▶ _ACTIVITY_
Within the records below, find the line with "U.S. Marine Corps" and the line with "Living area, comfy", then reproduce exactly those two lines and all lines between them, without any picture.

▶ _DATA FOR PROCESSING_
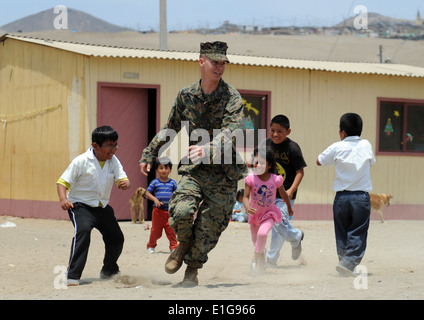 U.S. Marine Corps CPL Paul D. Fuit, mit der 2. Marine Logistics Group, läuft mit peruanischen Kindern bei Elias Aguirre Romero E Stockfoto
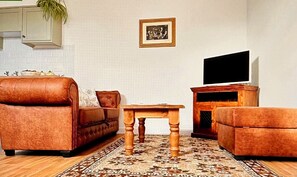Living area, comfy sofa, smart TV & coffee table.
---
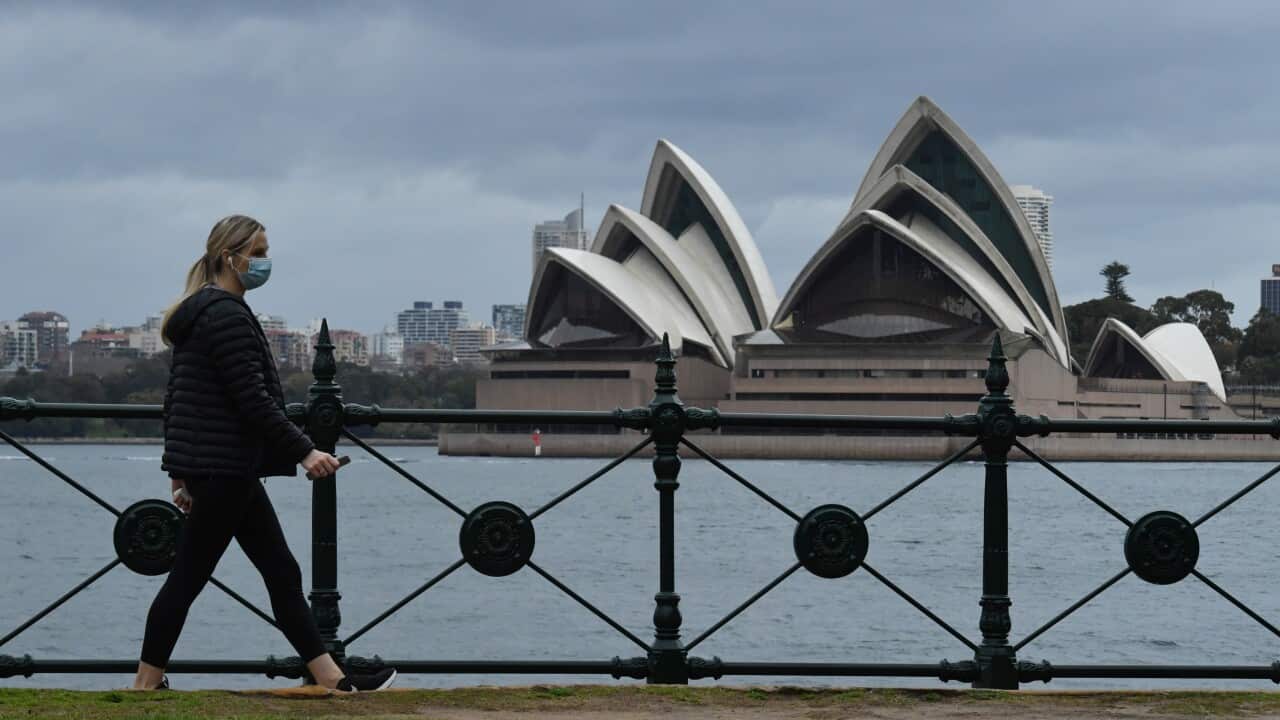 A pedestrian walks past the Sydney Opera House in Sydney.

▶ _REPLY TO THE TASK_
 U.S. Marine Corps CPL Paul D. Fuit, mit der 2. Marine Logistics Group, läuft mit peruanischen Kindern bei Elias Aguirre Romero E Stockfoto
Living area, comfy sofa, smart TV & coffee table.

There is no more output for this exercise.